Will Thompson, Fund Manager of Pacific Asset Management’s Sustainable Multi-Asset Portfolios examines the outcome of COP26

Sunday bought to a close the UN COP26 conference, and as expected the discussions over the final text of the COP agreement went down to the wire.

A tearful Alok Sharma (having not slept for 3 days), apologised for last minute changes to the documentation which softened ambitions on coal power reduction, calling for the “phase down” not the “phase out” of coal power.

We highlight 5 key debate topics that we wanted to see progress on during the conference, and below we score the results:

NEW CLIMATE PLEDGES: 

SCORE 5/10

  • At the start of the conference, India surprised by promising to reach net-zero emissions by 2070, a positive step but this is a long runway to reduce carbon emissions.
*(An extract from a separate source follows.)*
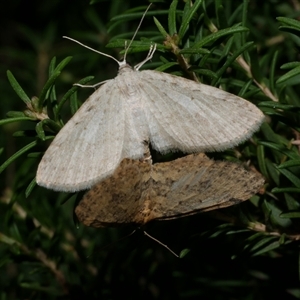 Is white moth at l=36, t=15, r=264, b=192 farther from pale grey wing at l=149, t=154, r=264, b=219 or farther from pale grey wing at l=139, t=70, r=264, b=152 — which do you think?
pale grey wing at l=149, t=154, r=264, b=219

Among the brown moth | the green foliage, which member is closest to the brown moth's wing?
the brown moth

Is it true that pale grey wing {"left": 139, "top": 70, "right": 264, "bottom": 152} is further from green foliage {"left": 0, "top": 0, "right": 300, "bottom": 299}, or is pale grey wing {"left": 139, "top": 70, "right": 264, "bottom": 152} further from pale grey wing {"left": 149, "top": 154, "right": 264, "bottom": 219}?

Nigeria also pledged to reach net zero, by 2060. All told, 137 countries have now committed to net zero
  • More than 141 countries signed a pact to end and reverse deforestation by 2030. Russia and Brazil, who account for 30% of total land area covered in forestry importantly signed
  • More than 40 countries agreed on a plan to move to zero-emissions vehicles by 2030
  • In all these cases the actual work must begin now to achieve these goals – the promises aren’t the tricky part – it is the actioning of them and the commitment to invest

 

AGREEMENT ON THE LAUNCH OF A GLOBAL CARBON MARKET: 

SCORE 6/10

  • Nations agreed and finalised the Paris rulebook after 6 years of conversation. Also agreed were rules to limit the use of credits countries had generated over previous years
  • This lowers the possibility that countries can greenwash by utilising their credits and not cutting their emissions
  • A tariff on carbon trading also sets aside funding for climate adaptation in developing countries

 

DEVELOPED NATIONS REAFFIRM THEIR COMMITMENT TO FUND LESS DEVELOPED NATIONS CARBON REDUCTION EFFORTS: 

SCORE 2/10

  • There was limited progress to ensure that developed nations fund developing nation’s ability to transition away from fossil fuels. What was agreed was the “Glasgow Dialogue” to discuss funding arrangements. Which is a poor result in terms of action
  • This ‘loss and damage’ clause is designed to compensate countries for the harm that will be caused by changing climates, which disproportionately affects developing nations
  • As countries have to divert funding towards preparing for and responding to loss causing natural disasters, they may well have less public financing to cut their own emissions and meet their goals

 

SUPPORT FOR OTHER FOSSIL FUEL EMISSION REDUCTIONS: 

SCORE 5/10

  • Spearheaded by John Kerry, the US Climate envoy, the Global Methane Pledge seeks to reduce Global

Methane emissions by 30% from 2020 levels. This was signed by more than 100 countries

  • Methane is 80x more powerful as a greenhouse gas than carbon dioxide for its first 20 years in the atmosphere
  • India, Russia and China however did not sign

 

COMMITMENT TO INVEST IN CARBON REDUCTION TECHNOLOGIES, AND PHASE OUT GLOBAL USE OF COAL: 

SCORE 4/10

  • More than 40 countries agreed to phase out their use of coal, however crucially India, the US, China and Australia did not sign the agreement

 

Commenting, Fund Manager Will Thompson said:

“Outside of our key areas, the US and China signed an agreement to boost cooperation on combating climate change over the coming years. Together they make up 45% of total global carbon emissions. However, detail was lacking on the agreement and geopolitical tensions, and the possibility of changing US administrations are of course the major risk factor in assessing whether this new relationship blossoms or becomes another symbol of climate failure.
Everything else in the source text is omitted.